And the most striking irony in Refah’s just order discourse was that their state-led solutions for the economy and the nationalistic connotations of their anti-Western attitude blurred the real political position of the movement since at the same time this group vehemently condemned the state’s secular cultural and educational policies (Laciner,1995). I assume they see the state as a mere instrument that can be manipulated according to the interests of the government party, which ignores the general context of social relationships that historically condition the Turkish state. As a result most coolheaded pundits argued that a Refah government in Turkey would inevitably confront enormous tensions due to the above-mentioned dilemmas and contradictions.

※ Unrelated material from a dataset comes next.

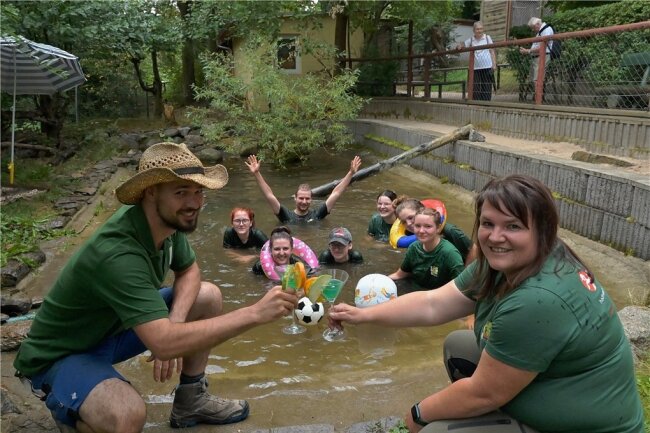 Das Team im Zoo der Minis hat sich der Teich-Challenge gestellt - vorn links Sandro Uhlig und rechts Silke Bauer.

At the end after the victory in the 1994 local elections and the popularity of the elected mayor of Istanbul, the Refah Party won almost 21 percent of the national vote in the 1995 national parliamentary elections which made them the winner, albeit without a majority in the Turkish parliament. Two other center right parties, ANAP and Demirel’s DYP (True Path Party) followed Refah closely in the elections. However, both the secular military and the civil institutions like universities, chamber of commerce, TUSIAD and left-wing parties immediately warned the public about the consequences of a potential Refah Party-led government. That was a point where the secular establishment, especially the military, began to understand the ramifications of two decades of constant religious and nationalistic propaganda for the Turkish polity. Those civil and military circles forced the two right-wing parties ANAP and DYP to reconcile their differences and form a viable coalition against the Islamist danger. Their understanding of the Islamist danger came from the activities of radical Islamic groups within Turkey, especially in the mid 90s. Starting from the assassination of some secular intellectuals by bombs by groups like IBDA-C (Islamic Great Eastern Warriors Front) to the activities of Hezbollah within the South East of the country, and to the headscarves wars in universities, Turkish public opinion began to pay attention to the rising tide of Islamic oppositional discourse. Bahriye Ucok, Muammer Aksoy, and Ugur Mumcu, who were once prominent secular intellectuals and vocal critiques of Islamic movements, were all assassinated during those chaotic years (Narli, in Rubin(ed), 2003).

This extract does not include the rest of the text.